The text spelled out that in the event of a future unity referendum in Ireland, as envisaged by the Good Friday Agreement, Northern Ireland would automatically rejoin the European Union.

However, RTÉ News understands that the British government attempted to get the declaration delayed until after the UK General Election, so as not to damage Theresa May's chances of victory.

The Irish Government had been working on a unity declaration for months and wanted to provide legal certainty that, in the event of a successful border poll, Northern Ireland would automatically rejoin the EU.

The Taoiseach referred on a number of occasions to the German precedent, whereby East Germany immediately joined the EU at the moment of German reunification.

The so-called unity clause was to be inserted into the minutes of an extraordinary summit meeting in Brussels on 29 April.

Two days beforehand Irish officials were subject to what one source described as a sustained diplomatic offensive by Britain to try to block the declaration.
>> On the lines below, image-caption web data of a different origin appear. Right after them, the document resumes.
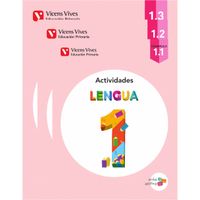 Cuaderno Lengua 1 1º EP MEC 14 Cuadric, Aula Activa VICLEN11EP (Vicens Vives) - 9788468220338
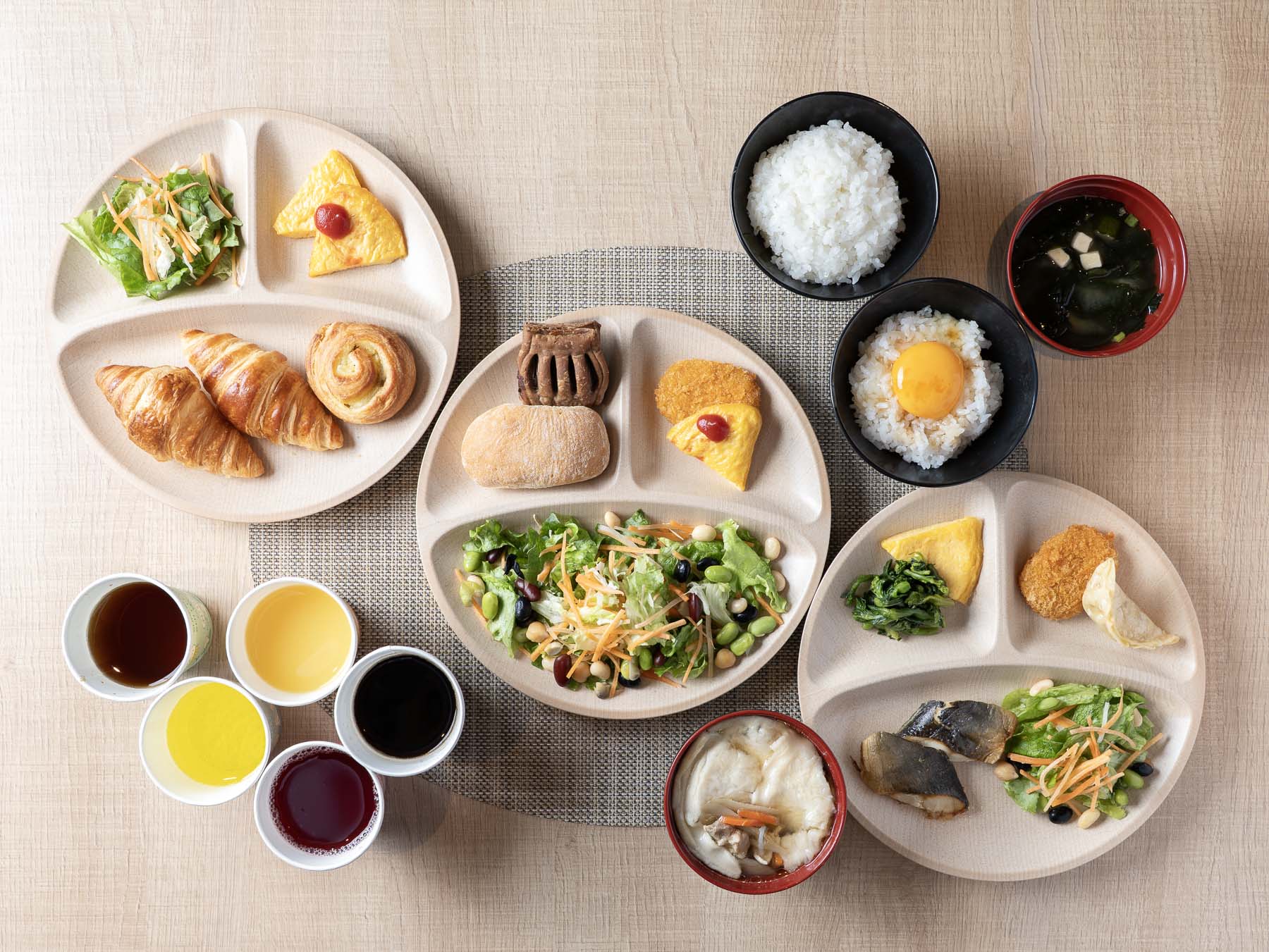 スーパーホテル八戸天然温泉の身体がよろこぶ無料朝食ビュッフェ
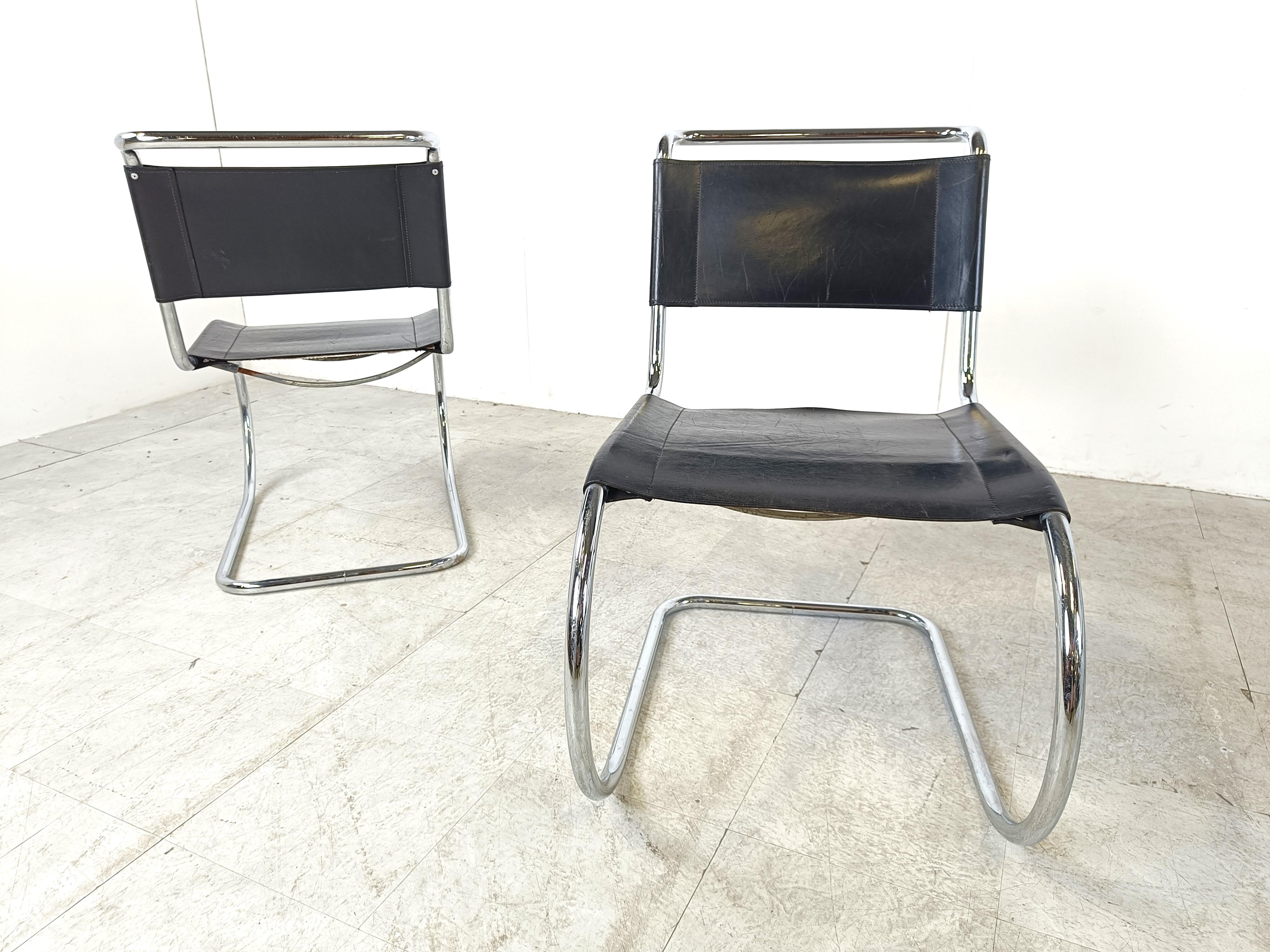 Set of 6 Model S533 Chairs by Mies van der Rohe for Thonet, 1970s, Set of 6 2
At one point, officials from the British Department for Exiting the EU tried to set up a phone call between Mrs May and Mr Kenny on the issue.

However, the officials were told that the phone call would not happen, and that Mr Kenny was sticking to his guns.

RTÉ News also understands there were phone calls to Dublin from the Northern Ireland Office, and calls from Downing Street to European Council officials in Brussels to try to get the declaration delayed until an EU summit at the end of June.

Throughout, British officials made it clear that it could damage Mrs May in the middle of an election campaign.

This followed the uproar over Gibraltar, after it emerged that the Spanish government had sought a veto over the impact any EU-UK deal might have on the disputed territory.

In the event, Mr Kenny requested the clause, and it was unanimously adopted by the other 26 member states.

A senior EU source confirmed that Downing Street had attempted to derail the Irish unity clause.

The source said that Downing Street was told in no uncertain terms that if Mr Kenny requested the unity clause it would be accepted.

The source said Downing Street was reminded that because of the Brexit result, Mr Kenny was still, "around the table", whereas Mrs May was not.